Who Do You Write for?

  March 2, 2022 blogging tips 🕑 3 minutes read
Catahoula leopard dog, Scottdale, Georgia, USA

Catahoula leopard dog, Scottdale, Georgia, USA


Think long and hard about your blogging audience. Who do you blog for? Do you see your ideal reader in mind before publishing a blog post? Who is your target? Do you always write for your targeted reader? Stay on topic to succeed. Or stray off course and fail.


I blog for bloggers seeking blogging tips. I do toss in mindset-themed posts – mindset has a bit to do with blogging – but largely stick to blogging tips and blogging tips geared toward mindset. I learned my lesson; write for your readers. Not writing for your readers leads to problems.


Mental laziness manifest as straying off topic leads to blogging struggles. Why write for folks who do not follow your blog? Think about that before writing off topic. Be on topic. Be a specialist. Do not blog as a generalist. Generalists have a tough time succeeding. People hire experts. People buy stuff from experts.


Get clear in your mind. See your ideal reader before publishing content to your blog. Specialists succeed. Generalists tend to fail. Be clear. Get clear. Readers respond well to specialists since the world seeks experts who do one thing well over the long haul. Pros do one thing well offline, for quite a long time, to become pros. Wise bloggers embody this frame of mind, online.

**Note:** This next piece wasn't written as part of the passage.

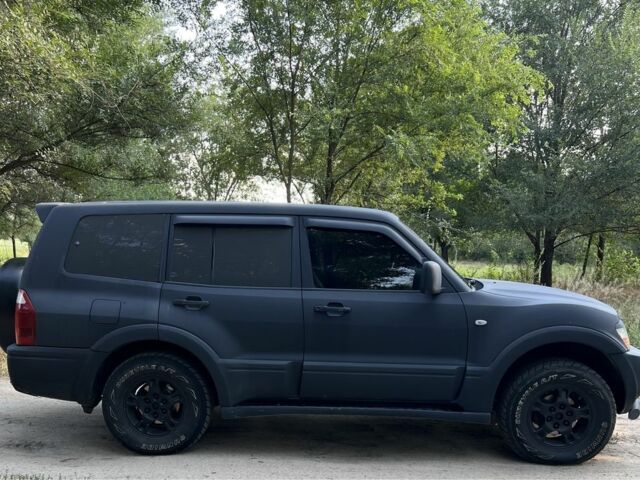 Сірий Міцубісі Паджеро, об'ємом двигуна 3.2 л та пробігом 230 тис. км за 7000 $, фото 6 на Automoto.ua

Bloggers covering a wide range of topics do not establish authority. Who can be good at 10 different disciplines? Bloggers who cover 1 or 2 topics establish authority. Readers follow bloggers who cover one topic because where your attention and energy goes, grows. Give your attention and energy to one topic. Master the topic. Be all about that one topic. Write for one reader.


Write for a Single Reader


Write for a single reader. Be specific. Think of one reader before you sit down to write a blog post. Blogging From Paradise specializes in blogging tips. Covering blogging tips appeals to you. I picked the blog post title because bloggers stray off topic way too frequently. I know this topic appeals to bloggers, most of whom write blog posts.


See your ideal reader in mind. Picture their problems. Inspire them to live their dreams. Help them through difficult times. Be a blogging beacon. Write for this single reader. Do an awesome job writing for one person. Do not bother writing for anyone else. Specialists win. Generalists do not win.


Imagine visiting Blogging From Paradise today. Expecting blogging tips, I write and publish a blog post teaching you generator safety tips.


Bloggers seeking writing tips seem perplexed or outright confused. Blogging From Paradise and generator safety tips do not seem to match, right? I waste my time. I waste your time. You want blogging tips, not generator safety tips. I want to target my blogging tips focused readers, but foolishly target people craving generator safety tips. No one wins. Lose-lose proposition here.


Write for a single reader keenly interested in your blog. Specialize. Think about your ideal reader. Ponder the ideal reader for any blog where you decide to guest post. Be all about that person. Meet their needs. Satisfy their cravings. Solve their problems. Target your audience.


Be Effective


Writing for one targeted reader maximizes your effectiveness big-time. Versus swinging and missing by straying off topic you do a fabulous job making contact every time you write and publish a blog post and guest post. Highly targeted readers grow your blogging business pronto, allowing you to make a seismic impact each time you publish content.


Effective bloggers make every act count.


Write for your ideal reader every time.


Run an effective, efficient and carefully measured blogging campaign.


  1. Lisa Sicard says:
    at 12:10 pm

    Hi Ryan, I have a client that I write a lot for. Other times, I find a comment where someone asked a question and write the answer in a post for them. Knowing what people want to learn about really can help you write helpful blog posts for them.

    • Ryan Biddulph says:
      at 3:04 pm

      Getting in their head is wise, Lisa. We can best serve our readers and clients by speaking their language. Everything changes once you patiently listen to reader needs. From there, opportunities multiply since like-minded folks have similar needs.

  2. Tanish Shrivastava says:
    at 2:32 pm

    I think my main audience is the book readers, and to a lesser extent, anime watchers.

    But it is not 100% clear yet, since I’m still experimenting and trying to find what sticks to the wall.

    • Ryan Biddulph says:
      at 4:15 pm

      Good advice here Tanish. I too am fine-tuning on a day to day basis. Observing reader feedback is the simplest way to see who we write for. Drilling deeper, seeing what feels good to us and to our readers as far as a blogging style seems to create a clear synergy. I have fun writing specific posts for my blogging tips crowd which also enjoys these types of posts. Finding that meeting point is an art that bloggers develop after practice and observation.